Brief descriptive captions
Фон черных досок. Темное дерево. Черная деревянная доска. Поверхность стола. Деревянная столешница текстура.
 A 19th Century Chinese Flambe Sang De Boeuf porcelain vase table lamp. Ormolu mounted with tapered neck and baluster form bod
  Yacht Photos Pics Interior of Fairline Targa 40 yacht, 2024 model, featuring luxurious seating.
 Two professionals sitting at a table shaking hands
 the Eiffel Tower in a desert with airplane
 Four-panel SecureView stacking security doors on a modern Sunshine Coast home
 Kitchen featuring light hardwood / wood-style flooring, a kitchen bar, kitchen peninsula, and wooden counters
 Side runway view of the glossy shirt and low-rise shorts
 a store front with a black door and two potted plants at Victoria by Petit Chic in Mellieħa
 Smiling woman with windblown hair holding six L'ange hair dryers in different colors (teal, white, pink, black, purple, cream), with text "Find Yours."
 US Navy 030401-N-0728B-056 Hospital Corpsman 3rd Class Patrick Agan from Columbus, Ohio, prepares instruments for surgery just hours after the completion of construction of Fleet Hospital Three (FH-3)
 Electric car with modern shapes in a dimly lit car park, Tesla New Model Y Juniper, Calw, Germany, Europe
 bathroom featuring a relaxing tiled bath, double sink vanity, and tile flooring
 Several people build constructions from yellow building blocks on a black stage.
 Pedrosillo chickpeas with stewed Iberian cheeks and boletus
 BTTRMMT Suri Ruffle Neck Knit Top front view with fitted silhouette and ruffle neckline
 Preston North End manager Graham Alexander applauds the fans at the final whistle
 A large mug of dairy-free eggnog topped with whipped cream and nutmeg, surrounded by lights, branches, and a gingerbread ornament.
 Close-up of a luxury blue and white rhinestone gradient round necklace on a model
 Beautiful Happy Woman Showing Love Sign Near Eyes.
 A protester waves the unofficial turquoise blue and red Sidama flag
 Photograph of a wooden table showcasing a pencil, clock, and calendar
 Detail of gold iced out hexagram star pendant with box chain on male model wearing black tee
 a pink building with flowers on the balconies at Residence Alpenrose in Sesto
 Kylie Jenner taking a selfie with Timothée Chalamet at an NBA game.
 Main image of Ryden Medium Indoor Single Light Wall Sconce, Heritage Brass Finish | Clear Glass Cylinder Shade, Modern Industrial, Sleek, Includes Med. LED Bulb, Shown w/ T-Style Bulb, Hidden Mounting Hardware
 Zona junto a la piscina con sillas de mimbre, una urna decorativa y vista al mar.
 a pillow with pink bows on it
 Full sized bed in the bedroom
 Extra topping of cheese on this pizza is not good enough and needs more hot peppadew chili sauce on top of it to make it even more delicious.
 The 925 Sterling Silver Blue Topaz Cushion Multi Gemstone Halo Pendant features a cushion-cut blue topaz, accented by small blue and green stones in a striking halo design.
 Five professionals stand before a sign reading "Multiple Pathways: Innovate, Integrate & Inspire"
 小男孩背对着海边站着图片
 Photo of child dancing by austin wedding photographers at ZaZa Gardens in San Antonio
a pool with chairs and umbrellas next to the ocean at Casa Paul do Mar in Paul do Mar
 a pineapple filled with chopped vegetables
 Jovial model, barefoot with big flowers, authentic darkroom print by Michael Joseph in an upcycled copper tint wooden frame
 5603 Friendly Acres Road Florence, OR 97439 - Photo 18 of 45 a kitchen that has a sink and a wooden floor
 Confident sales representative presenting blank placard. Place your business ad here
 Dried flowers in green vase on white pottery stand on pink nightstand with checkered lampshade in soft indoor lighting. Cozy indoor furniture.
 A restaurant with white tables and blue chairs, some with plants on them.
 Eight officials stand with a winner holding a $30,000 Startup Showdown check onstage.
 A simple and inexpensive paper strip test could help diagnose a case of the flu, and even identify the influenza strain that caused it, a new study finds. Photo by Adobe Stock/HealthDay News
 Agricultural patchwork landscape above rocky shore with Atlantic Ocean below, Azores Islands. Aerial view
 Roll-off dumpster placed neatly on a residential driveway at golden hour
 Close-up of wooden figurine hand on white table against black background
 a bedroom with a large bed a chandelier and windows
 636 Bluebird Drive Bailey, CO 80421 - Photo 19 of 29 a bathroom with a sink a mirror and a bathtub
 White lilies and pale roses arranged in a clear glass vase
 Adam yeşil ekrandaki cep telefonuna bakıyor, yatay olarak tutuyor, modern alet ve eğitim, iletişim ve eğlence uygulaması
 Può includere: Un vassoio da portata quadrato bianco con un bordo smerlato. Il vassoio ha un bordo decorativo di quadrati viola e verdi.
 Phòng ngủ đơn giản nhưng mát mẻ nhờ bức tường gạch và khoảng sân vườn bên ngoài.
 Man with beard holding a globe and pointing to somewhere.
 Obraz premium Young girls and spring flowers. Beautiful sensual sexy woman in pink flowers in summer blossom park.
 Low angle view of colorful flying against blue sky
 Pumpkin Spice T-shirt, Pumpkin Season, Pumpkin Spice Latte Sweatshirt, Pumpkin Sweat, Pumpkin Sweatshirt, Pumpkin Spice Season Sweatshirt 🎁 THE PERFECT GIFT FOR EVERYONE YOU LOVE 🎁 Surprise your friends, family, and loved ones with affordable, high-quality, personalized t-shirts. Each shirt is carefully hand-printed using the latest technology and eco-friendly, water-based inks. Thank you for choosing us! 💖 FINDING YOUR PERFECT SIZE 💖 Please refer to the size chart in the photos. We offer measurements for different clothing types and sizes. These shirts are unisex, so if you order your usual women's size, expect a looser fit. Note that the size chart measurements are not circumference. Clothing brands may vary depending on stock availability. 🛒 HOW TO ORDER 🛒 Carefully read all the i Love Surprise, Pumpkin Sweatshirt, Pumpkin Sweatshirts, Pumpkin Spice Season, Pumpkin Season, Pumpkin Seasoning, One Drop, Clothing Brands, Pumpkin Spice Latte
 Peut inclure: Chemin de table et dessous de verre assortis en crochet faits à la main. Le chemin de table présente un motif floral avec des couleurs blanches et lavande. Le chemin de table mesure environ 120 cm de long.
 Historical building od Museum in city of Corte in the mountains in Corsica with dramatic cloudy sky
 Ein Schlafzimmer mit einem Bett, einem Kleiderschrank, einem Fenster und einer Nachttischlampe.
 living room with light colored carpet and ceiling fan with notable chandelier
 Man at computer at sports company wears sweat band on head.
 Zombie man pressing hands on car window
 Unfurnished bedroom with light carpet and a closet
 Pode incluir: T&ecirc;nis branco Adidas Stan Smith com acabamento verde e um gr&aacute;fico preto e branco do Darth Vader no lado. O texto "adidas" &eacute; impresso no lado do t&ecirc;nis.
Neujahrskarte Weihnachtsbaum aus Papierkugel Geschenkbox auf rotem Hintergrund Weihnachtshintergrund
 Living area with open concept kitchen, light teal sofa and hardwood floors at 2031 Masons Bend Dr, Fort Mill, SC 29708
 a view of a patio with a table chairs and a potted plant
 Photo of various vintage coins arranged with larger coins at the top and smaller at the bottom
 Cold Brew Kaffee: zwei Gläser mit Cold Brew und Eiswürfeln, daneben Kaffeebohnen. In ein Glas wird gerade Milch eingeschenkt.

• **Task prompt**
Please transcribe the entries above exactly as written.

• **Answer area**
Фон черных досок. Темное дерево. Черная деревянная доска. Поверхность стола. Деревянная столешница текстура.
 A 19th Century Chinese Flambe Sang De Boeuf porcelain vase table lamp. Ormolu mounted with tapered neck and baluster form bod
  Yacht Photos Pics Interior of Fairline Targa 40 yacht, 2024 model, featuring luxurious seating.
 Two professionals sitting at a table shaking hands
 the Eiffel Tower in a desert with airplane
 Four-panel SecureView stacking security doors on a modern Sunshine Coast home
 Kitchen featuring light hardwood / wood-style flooring, a kitchen bar, kitchen peninsula, and wooden counters
 Side runway view of the glossy shirt and low-rise shorts
 a store front with a black door and two potted plants at Victoria by Petit Chic in Mellieħa
 Smiling woman with windblown hair holding six L'ange hair dryers in different colors (teal, white, pink, black, purple, cream), with text "Find Yours."
 US Navy 030401-N-0728B-056 Hospital Corpsman 3rd Class Patrick Agan from Columbus, Ohio, prepares instruments for surgery just hours after the completion of construction of Fleet Hospital Three (FH-3)
 Electric car with modern shapes in a dimly lit car park, Tesla New Model Y Juniper, Calw, Germany, Europe
 bathroom featuring a relaxing tiled bath, double sink vanity, and tile flooring
 Several people build constructions from yellow building blocks on a black stage.
 Pedrosillo chickpeas with stewed Iberian cheeks and boletus
 BTTRMMT Suri Ruffle Neck Knit Top front view with fitted silhouette and ruffle neckline
 Preston North End manager Graham Alexander applauds the fans at the final whistle
 A large mug of dairy-free eggnog topped with whipped cream and nutmeg, surrounded by lights, branches, and a gingerbread ornament.
 Close-up of a luxury blue and white rhinestone gradient round necklace on a model
 Beautiful Happy Woman Showing Love Sign Near Eyes.
 A protester waves the unofficial turquoise blue and red Sidama flag
 Photograph of a wooden table showcasing a pencil, clock, and calendar
 Detail of gold iced out hexagram star pendant with box chain on male model wearing black tee
 a pink building with flowers on the balconies at Residence Alpenrose in Sesto
 Kylie Jenner taking a selfie with Timothée Chalamet at an NBA game.
 Main image of Ryden Medium Indoor Single Light Wall Sconce, Heritage Brass Finish | Clear Glass Cylinder Shade, Modern Industrial, Sleek, Includes Med. LED Bulb, Shown w/ T-Style Bulb, Hidden Mounting Hardware
 Zona junto a la piscina con sillas de mimbre, una urna decorativa y vista al mar.
 a pillow with pink bows on it
 Full sized bed in the bedroom
 Extra topping of cheese on this pizza is not good enough and needs more hot peppadew chili sauce on top of it to make it even more delicious.
 The 925 Sterling Silver Blue Topaz Cushion Multi Gemstone Halo Pendant features a cushion-cut blue topaz, accented by small blue and green stones in a striking halo design.
 Five professionals stand before a sign reading "Multiple Pathways: Innovate, Integrate & Inspire"
 小男孩背对着海边站着图片
 Photo of child dancing by austin wedding photographers at ZaZa Gardens in San Antonio
a pool with chairs and umbrellas next to the ocean at Casa Paul do Mar in Paul do Mar
 a pineapple filled with chopped vegetables
 Jovial model, barefoot with big flowers, authentic darkroom print by Michael Joseph in an upcycled copper tint wooden frame
 5603 Friendly Acres Road Florence, OR 97439 - Photo 18 of 45 a kitchen that has a sink and a wooden floor
 Confident sales representative presenting blank placard. Place your business ad here
 Dried flowers in green vase on white pottery stand on pink nightstand with checkered lampshade in soft indoor lighting. Cozy indoor furniture.
 A restaurant with white tables and blue chairs, some with plants on them.
 Eight officials stand with a winner holding a $30,000 Startup Showdown check onstage.
 A simple and inexpensive paper strip test could help diagnose a case of the flu, and even identify the influenza strain that caused it, a new study finds. Photo by Adobe Stock/HealthDay News
 Agricultural patchwork landscape above rocky shore with Atlantic Ocean below, Azores Islands. Aerial view
 Roll-off dumpster placed neatly on a residential driveway at golden hour
 Close-up of wooden figurine hand on white table against black background
 a bedroom with a large bed a chandelier and windows
 636 Bluebird Drive Bailey, CO 80421 - Photo 19 of 29 a bathroom with a sink a mirror and a bathtub
 White lilies and pale roses arranged in a clear glass vase
 Adam yeşil ekrandaki cep telefonuna bakıyor, yatay olarak tutuyor, modern alet ve eğitim, iletişim ve eğlence uygulaması
 Può includere: Un vassoio da portata quadrato bianco con un bordo smerlato. Il vassoio ha un bordo decorativo di quadrati viola e verdi.
 Phòng ngủ đơn giản nhưng mát mẻ nhờ bức tường gạch và khoảng sân vườn bên ngoài.
 Man with beard holding a globe and pointing to somewhere.
 Obraz premium Young girls and spring flowers. Beautiful sensual sexy woman in pink flowers in summer blossom park.
 Low angle view of colorful flying against blue sky
 Pumpkin Spice T-shirt, Pumpkin Season, Pumpkin Spice Latte Sweatshirt, Pumpkin Sweat, Pumpkin Sweatshirt, Pumpkin Spice Season Sweatshirt 🎁 THE PERFECT GIFT FOR EVERYONE YOU LOVE 🎁 Surprise your friends, family, and loved ones with affordable, high-quality, personalized t-shirts. Each shirt is carefully hand-printed using the latest technology and eco-friendly, water-based inks. Thank you for choosing us! 💖 FINDING YOUR PERFECT SIZE 💖 Please refer to the size chart in the photos. We offer measurements for different clothing types and sizes. These shirts are unisex, so if you order your usual women's size, expect a looser fit. Note that the size chart measurements are not circumference. Clothing brands may vary depending on stock availability. 🛒 HOW TO ORDER 🛒 Carefully read all the i Love Surprise, Pumpkin Sweatshirt, Pumpkin Sweatshirts, Pumpkin Spice Season, Pumpkin Season, Pumpkin Seasoning, One Drop, Clothing Brands, Pumpkin Spice Latte
 Peut inclure: Chemin de table et dessous de verre assortis en crochet faits à la main. Le chemin de table présente un motif floral avec des couleurs blanches et lavande. Le chemin de table mesure environ 120 cm de long.
 Historical building od Museum in city of Corte in the mountains in Corsica with dramatic cloudy sky
 Ein Schlafzimmer mit einem Bett, einem Kleiderschrank, einem Fenster und einer Nachttischlampe.
 living room with light colored carpet and ceiling fan with notable chandelier
 Man at computer at sports company wears sweat band on head.
 Zombie man pressing hands on car window
 Unfurnished bedroom with light carpet and a closet
 Pode incluir: T&ecirc;nis branco Adidas Stan Smith com acabamento verde e um gr&aacute;fico preto e branco do Darth Vader no lado. O texto "adidas" &eacute; impresso no lado do t&ecirc;nis.
Neujahrskarte Weihnachtsbaum aus Papierkugel Geschenkbox auf rotem Hintergrund Weihnachtshintergrund
 Living area with open concept kitchen, light teal sofa and hardwood floors at 2031 Masons Bend Dr, Fort Mill, SC 29708
 a view of a patio with a table chairs and a potted plant
 Photo of various vintage coins arranged with larger coins at the top and smaller at the bottom
 Cold Brew Kaffee: zwei Gläser mit Cold Brew und Eiswürfeln, daneben Kaffeebohnen. In ein Glas wird gerade Milch eingeschenkt.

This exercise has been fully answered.